--- Data section ---

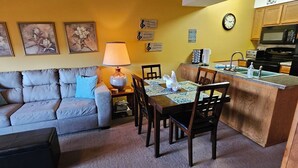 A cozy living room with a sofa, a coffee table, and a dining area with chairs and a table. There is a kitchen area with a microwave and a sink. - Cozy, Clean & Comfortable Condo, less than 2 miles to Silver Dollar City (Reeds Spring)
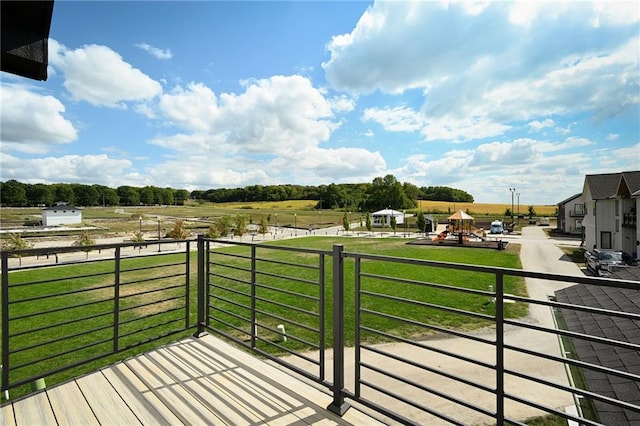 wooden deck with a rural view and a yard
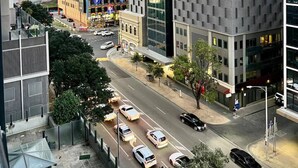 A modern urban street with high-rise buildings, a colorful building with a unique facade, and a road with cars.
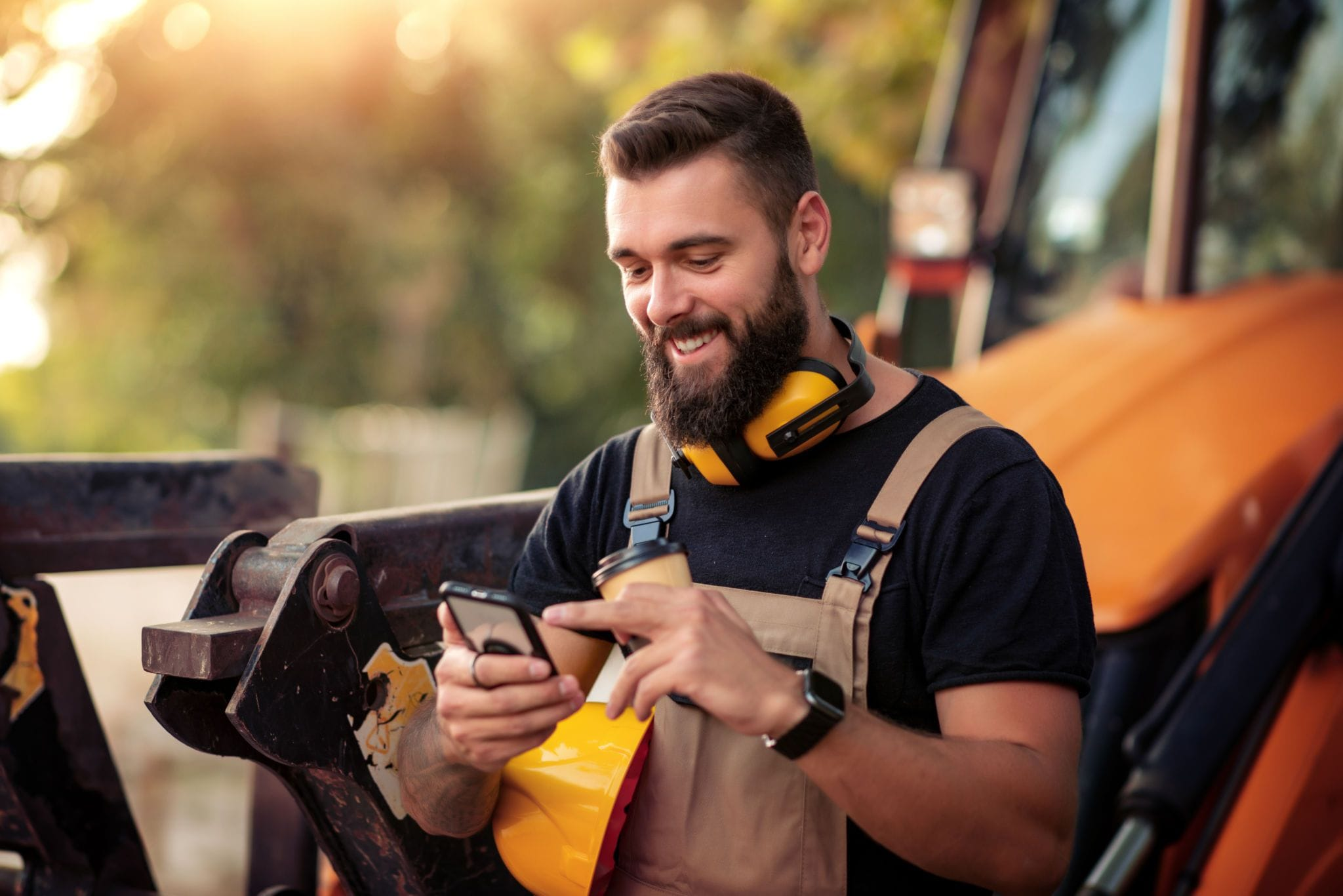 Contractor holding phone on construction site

---
--- Data section ---

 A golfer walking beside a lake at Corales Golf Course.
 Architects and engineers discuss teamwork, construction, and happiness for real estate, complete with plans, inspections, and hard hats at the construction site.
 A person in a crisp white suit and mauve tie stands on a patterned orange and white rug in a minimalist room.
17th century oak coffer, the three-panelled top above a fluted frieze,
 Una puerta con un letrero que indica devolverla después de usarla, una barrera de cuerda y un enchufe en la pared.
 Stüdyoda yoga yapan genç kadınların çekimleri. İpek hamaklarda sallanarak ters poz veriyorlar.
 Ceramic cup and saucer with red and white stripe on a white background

---

* **How to complete this task**: Show every line of the listing in which the string "white" can be found.

* **Response below**:
 A person in a crisp white suit and mauve tie stands on a patterned orange and white rug in a minimalist room.
 Ceramic cup and saucer with red and white stripe on a white background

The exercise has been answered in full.